Section III. Elections. If at any meeting of shareholders for election
of directors, there are to be elected directors of more than one class, separate
elections shall be held for the directors to be elected in each such class. In
all elections of directors each shareholder shall have the right to vote, in
person or by proxy, the number of shares owned by him and entitled to vote, for
as many persons as there are directors to be elected in such election, and for
whose election he has a right to vote, or he may cumulate such votes in such
election and give one candidate as many votes as the number of directors in the
class to be elected multiplied by the number of his shares shall equal; or he
may distribute them in such election on the same principle among as many
candidates and in such manner as he shall desire.
Section IV. Removal of Directors. The shareholders, at any meeting
thereof called expressly for the purpose, may remove any director or the entire
Board of Directors, with or without cause, by vote of the holders of a majority
of the shares entitled to vote at an election of directors.
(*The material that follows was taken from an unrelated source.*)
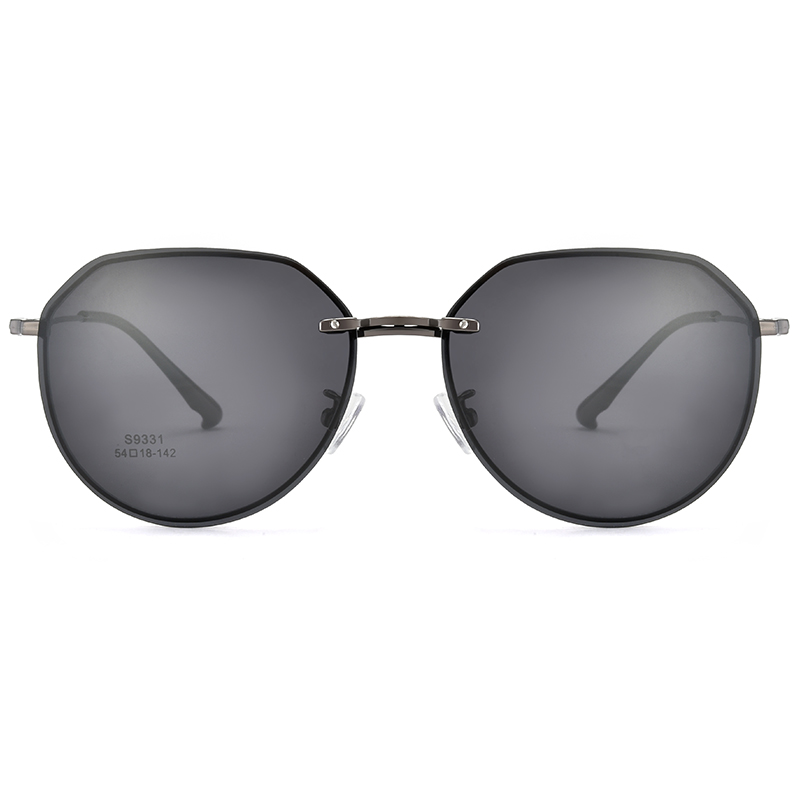 丹阳眼镜工厂批发定制复古偏光近视磁吸式太阳镜金属套镜镜架93317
However, if less
than the entire Board is to be removed, no one of the directors may be removed
if the votes cast against his removal would be sufficient to elect him.
Section V. Meetings. After the annual meeting of shareholders, the
Secretary-Treasurer shall notify the directors-elect of their election and shall
notify all directors of the time at which they are required to meet at the
principal office of the Corporation for the purpose of organizing the new Board
and electing and appointing officers of the Corporation for the succeeding year.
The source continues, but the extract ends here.